Schwarz Emanuel, Levin Yishai, Wang Lan, Leweke F Markus, Bahn Sabine
Institute of Biotechnology, University of Cambridge, Cambridge, UK.
J Sep Sci. 2007 Sep;30(14):2190-7. doi: 10.1002/jssc.200700190.
A major challenge of proteomic studies is the accurate quantitation of proteins. LC-MS/MS-based methods are especially suited for profiling proteins in large sample sets. In this setup, the measurement of relative protein abundance relies on the correct quantitation of tryptic peptides. However, peptide intensities often do not unequivocally reflect the abundance of the native proteins in the sample. In this study, we show that peptides that accurately reflect relative protein abundances in large-scale sample sets can be selected based on the correlation to each other. This strategy was tested in a well-controlled experiment using a set of spiked serum samples as well as 55 clinical serum samples from schizophrenia patients and healthy volunteers. The peptide correlation analysis we present here provides an intuitive and simple procedure to obtain a high quality quantitative information from proteomics data.

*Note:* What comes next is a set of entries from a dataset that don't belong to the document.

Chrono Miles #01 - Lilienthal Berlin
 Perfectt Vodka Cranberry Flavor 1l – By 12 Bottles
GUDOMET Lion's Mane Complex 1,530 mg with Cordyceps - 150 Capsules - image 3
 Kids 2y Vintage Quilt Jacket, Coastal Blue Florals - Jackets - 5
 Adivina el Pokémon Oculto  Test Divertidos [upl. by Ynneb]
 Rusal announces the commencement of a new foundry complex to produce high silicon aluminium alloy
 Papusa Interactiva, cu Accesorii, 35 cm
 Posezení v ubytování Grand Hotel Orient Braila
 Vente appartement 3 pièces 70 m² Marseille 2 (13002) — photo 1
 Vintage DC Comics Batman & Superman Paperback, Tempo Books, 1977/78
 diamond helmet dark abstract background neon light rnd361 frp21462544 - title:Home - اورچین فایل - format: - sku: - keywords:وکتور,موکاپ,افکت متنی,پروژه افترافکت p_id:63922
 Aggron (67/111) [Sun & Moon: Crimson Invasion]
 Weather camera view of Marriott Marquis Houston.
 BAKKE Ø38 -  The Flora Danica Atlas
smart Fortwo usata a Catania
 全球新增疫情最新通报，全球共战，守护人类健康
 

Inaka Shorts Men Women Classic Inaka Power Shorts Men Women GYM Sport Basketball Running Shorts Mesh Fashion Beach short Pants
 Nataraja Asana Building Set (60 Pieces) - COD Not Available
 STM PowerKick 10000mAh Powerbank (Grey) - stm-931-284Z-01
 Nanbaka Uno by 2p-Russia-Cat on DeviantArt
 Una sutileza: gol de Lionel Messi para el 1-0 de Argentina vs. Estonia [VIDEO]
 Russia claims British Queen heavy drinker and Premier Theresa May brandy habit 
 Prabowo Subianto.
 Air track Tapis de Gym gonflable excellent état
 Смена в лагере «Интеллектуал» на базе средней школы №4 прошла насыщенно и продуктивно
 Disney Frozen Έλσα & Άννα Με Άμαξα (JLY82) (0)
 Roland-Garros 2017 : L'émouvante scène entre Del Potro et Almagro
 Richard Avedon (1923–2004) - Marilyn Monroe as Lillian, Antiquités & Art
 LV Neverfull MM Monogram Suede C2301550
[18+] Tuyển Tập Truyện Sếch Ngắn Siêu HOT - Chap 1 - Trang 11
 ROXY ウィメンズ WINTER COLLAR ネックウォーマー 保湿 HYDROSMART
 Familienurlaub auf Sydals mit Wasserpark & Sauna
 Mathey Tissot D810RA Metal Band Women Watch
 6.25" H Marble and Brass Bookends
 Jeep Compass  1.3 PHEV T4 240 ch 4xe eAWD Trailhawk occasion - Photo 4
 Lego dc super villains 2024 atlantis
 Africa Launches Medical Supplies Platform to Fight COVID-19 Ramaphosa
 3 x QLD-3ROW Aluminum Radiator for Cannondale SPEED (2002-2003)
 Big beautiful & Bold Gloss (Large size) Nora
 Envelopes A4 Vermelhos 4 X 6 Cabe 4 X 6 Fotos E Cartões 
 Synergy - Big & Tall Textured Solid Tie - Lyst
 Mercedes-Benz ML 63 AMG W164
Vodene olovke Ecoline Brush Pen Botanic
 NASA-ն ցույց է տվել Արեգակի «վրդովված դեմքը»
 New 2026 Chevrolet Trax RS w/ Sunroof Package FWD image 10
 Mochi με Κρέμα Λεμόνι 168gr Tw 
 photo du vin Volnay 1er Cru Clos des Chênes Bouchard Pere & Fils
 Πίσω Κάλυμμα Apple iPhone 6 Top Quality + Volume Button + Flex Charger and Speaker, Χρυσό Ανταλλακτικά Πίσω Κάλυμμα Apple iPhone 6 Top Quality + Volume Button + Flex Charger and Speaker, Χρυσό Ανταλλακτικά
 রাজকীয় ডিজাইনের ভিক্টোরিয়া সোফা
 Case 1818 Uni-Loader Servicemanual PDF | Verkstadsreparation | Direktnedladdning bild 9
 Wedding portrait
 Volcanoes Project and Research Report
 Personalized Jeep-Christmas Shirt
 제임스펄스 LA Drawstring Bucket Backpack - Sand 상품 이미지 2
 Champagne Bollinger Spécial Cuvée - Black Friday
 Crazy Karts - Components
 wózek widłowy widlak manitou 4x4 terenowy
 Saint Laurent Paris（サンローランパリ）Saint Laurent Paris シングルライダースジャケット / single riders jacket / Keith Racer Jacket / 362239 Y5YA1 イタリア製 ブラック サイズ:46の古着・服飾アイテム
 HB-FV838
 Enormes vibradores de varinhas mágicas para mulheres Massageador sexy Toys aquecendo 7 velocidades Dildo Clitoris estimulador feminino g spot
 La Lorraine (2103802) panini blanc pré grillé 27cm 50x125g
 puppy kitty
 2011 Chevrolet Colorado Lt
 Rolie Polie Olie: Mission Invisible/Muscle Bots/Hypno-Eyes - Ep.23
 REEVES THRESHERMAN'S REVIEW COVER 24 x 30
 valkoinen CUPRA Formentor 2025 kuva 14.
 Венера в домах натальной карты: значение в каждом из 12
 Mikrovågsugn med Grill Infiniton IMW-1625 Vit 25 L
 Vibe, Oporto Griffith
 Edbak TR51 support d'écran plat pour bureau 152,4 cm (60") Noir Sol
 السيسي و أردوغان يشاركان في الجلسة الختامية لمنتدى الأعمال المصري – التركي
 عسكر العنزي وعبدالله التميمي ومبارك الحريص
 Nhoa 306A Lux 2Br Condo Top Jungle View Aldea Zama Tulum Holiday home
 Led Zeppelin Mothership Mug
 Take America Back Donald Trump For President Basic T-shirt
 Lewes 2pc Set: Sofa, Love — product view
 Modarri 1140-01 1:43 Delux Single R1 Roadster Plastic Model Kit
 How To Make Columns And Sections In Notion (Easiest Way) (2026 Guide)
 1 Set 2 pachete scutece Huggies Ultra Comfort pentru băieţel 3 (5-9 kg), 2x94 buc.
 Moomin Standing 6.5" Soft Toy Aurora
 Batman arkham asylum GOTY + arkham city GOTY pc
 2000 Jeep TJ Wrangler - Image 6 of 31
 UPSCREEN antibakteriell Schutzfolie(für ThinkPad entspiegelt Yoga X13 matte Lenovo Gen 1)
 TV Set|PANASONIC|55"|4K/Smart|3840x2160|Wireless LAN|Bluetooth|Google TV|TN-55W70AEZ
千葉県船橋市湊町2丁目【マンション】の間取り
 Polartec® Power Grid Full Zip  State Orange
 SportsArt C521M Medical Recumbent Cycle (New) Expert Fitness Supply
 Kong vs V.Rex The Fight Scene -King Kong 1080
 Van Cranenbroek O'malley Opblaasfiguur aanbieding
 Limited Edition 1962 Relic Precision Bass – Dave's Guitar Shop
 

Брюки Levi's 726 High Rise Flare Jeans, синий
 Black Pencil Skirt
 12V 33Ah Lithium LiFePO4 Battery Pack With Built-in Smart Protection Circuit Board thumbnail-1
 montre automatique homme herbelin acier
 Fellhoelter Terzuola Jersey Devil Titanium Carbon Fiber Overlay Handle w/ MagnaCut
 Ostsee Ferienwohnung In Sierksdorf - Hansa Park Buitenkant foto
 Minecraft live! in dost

蛋白质组学研究的一个主要挑战是蛋白质的准确定量。基于液相色谱-串联质谱(LC-MS/MS)的方法特别适合对大量样本中的蛋白质进行分析。在这种设置下,相对蛋白质丰度的测量依赖于胰蛋白酶肽段的准确定量。然而,肽段强度往往不能明确反映样本中天然蛋白质的丰度。在本研究中,我们表明,可以基于肽段之间的相关性来选择能够准确反映大规模样本集中相对蛋白质丰度的肽段。该策略在一个严格控制的实验中进行了测试,使用了一组加标的血清样本以及来自精神分裂症患者和健康志愿者的55份临床血清样本。我们在此介绍的肽段相关性分析提供了一种直观且简单的程序,可从蛋白质组学数据中获得高质量的定量信息。